I have finally managed to restore my converted NVM on Zstick 5+. All the nodes appear to be dead same as for @justindthomas.

home id: 0; home hex: 0x0

I am sending you the 500 NVMs (original and restore) and the driver log.

AlCalzone commented 2 years ago

@dearekaelle @justindthomas I'd like to run a test with you to figure out which fields need to be changed for this to work. This consists of 4 steps:

  1. Convert the migrated NVM (the smaller one) to JSON using

    npx @zwave-js/nvmedit@8.9.0-beta.4-pr-3789-6b3eaa1 nvm2json --in /path/to/nvm --out /path/to/json
  2. Make a copy of the JSON and edit the copy as described below

  3. Convert it back to NVM

    npx @zwave-js/nvmedit@8.9.0-beta.4-pr-3789-6b3eaa1 json2nvm --in /path/to/edited/json --out /path/to/edited/nvm
  4. Restore the edited NVM to the stick and check if it works now.

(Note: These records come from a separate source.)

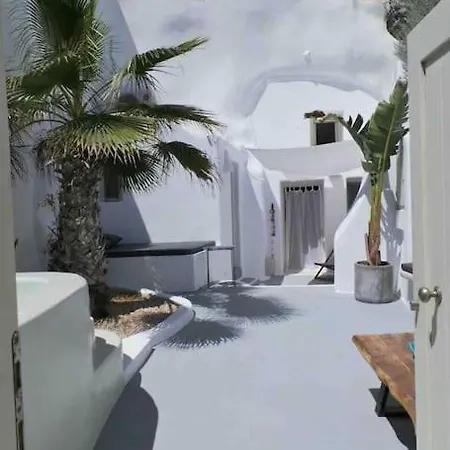 Cave At White Rock - Private Outdoor Jacuzzi Karterados (Santorini)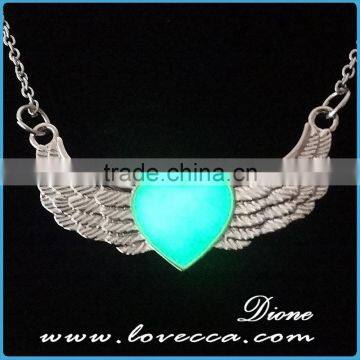 Gorgeous Glowing Jewelry Glow in the Dark Necklace photo-3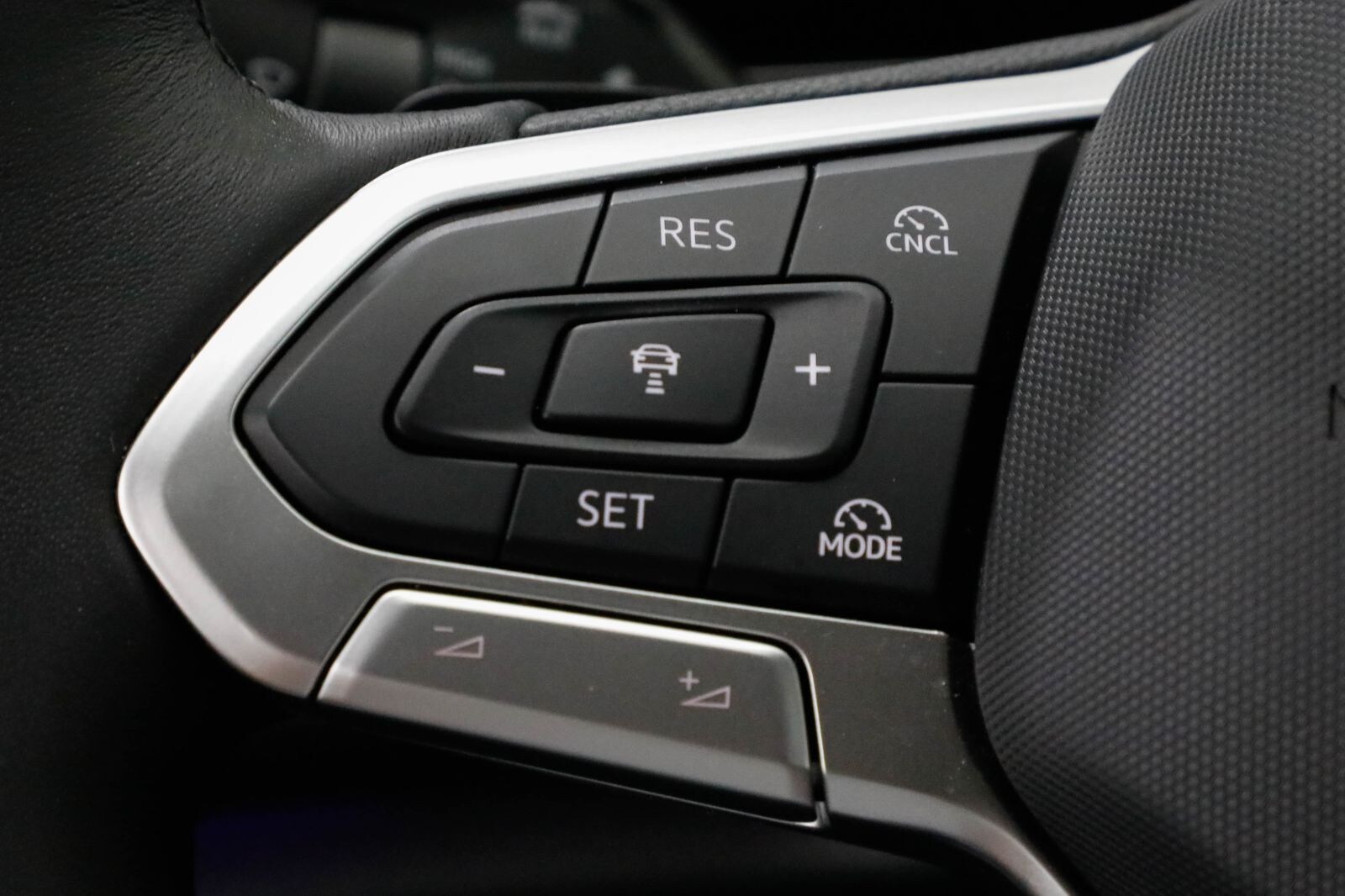 Volkswagen Tiguan – Bild 26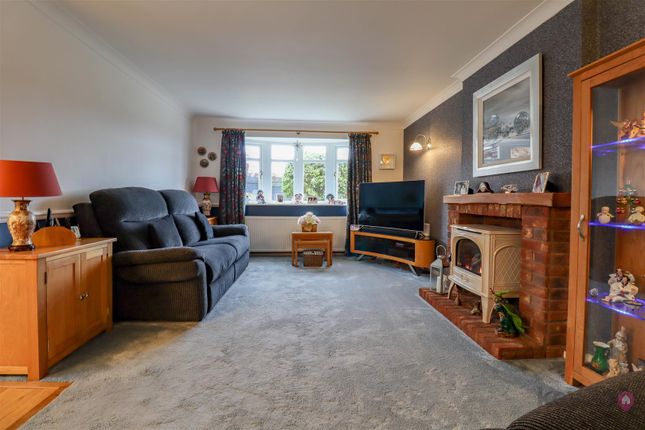 4, Kingswood Grove, Sheffield photo 3
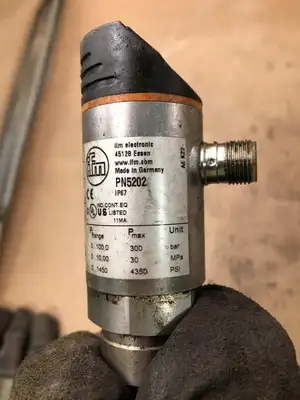 IFM PN5202 High Pressure Sensor w/ Monitor 4350PSI 18-36VDC 250mA 1/4″ NPT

Beginning with the NVM that was output by the tool, I'd like to test each the following changes individually (don't include the +/-). After each change, perform steps 3 and 4 from above:

  1. line 19:

    -       "controllerConfiguration": 60,
    +       "controllerConfiguration": 28,
  2. line 15:

    -       "nodeId": 1,
    +       "nodeId": 0,
  3. line 14:

    -       "learnedHomeId": null,
    +       "learnedHomeId": "0x12345678",

    (here copy the homeId from the field above)

  4. line 12:

    -       "applicationVersion": "7.17",
    +       "applicationVersion": "1.2",
dearekaelle commented 2 years ago

bingo! it was change number (2) alone. "nodeId": 0

all devices came straight to live :) automations work.

awesome, many thanks @AlCalzone

I will now monitor and will let you know if I bump into any post migration issues.

AlCalzone commented 2 years ago

I edited the original post above. 8.9.0-beta.4-pr-3789-5d3ea84 has the node ID change. If all goes well I can release it officially soon.

justindthomas commented 2 years ago

That looks like it did it! Very nice.

Interestingly, in the z2m on my laptop, the Gen5+ stick came up as a "700 series" controller. It did launch in to the interviews, so didn't seem like that impacted anything negatively.

When I moved it to my HA server, it came up accurately as a 500 series.

Thanks for your work on this, @AlCalzone!

AlCalzone commented 2 years ago

Interestingly, in the z2m on my laptop, the Gen5+ stick came up as a "700 series" controller

Interesting. May be a cache thing - got a driver log of the startup?

justindthomas commented 2 years ago

First time in months that I've been able to mostly complete a healing process without physically resetting the controller, so that's pretty great. :)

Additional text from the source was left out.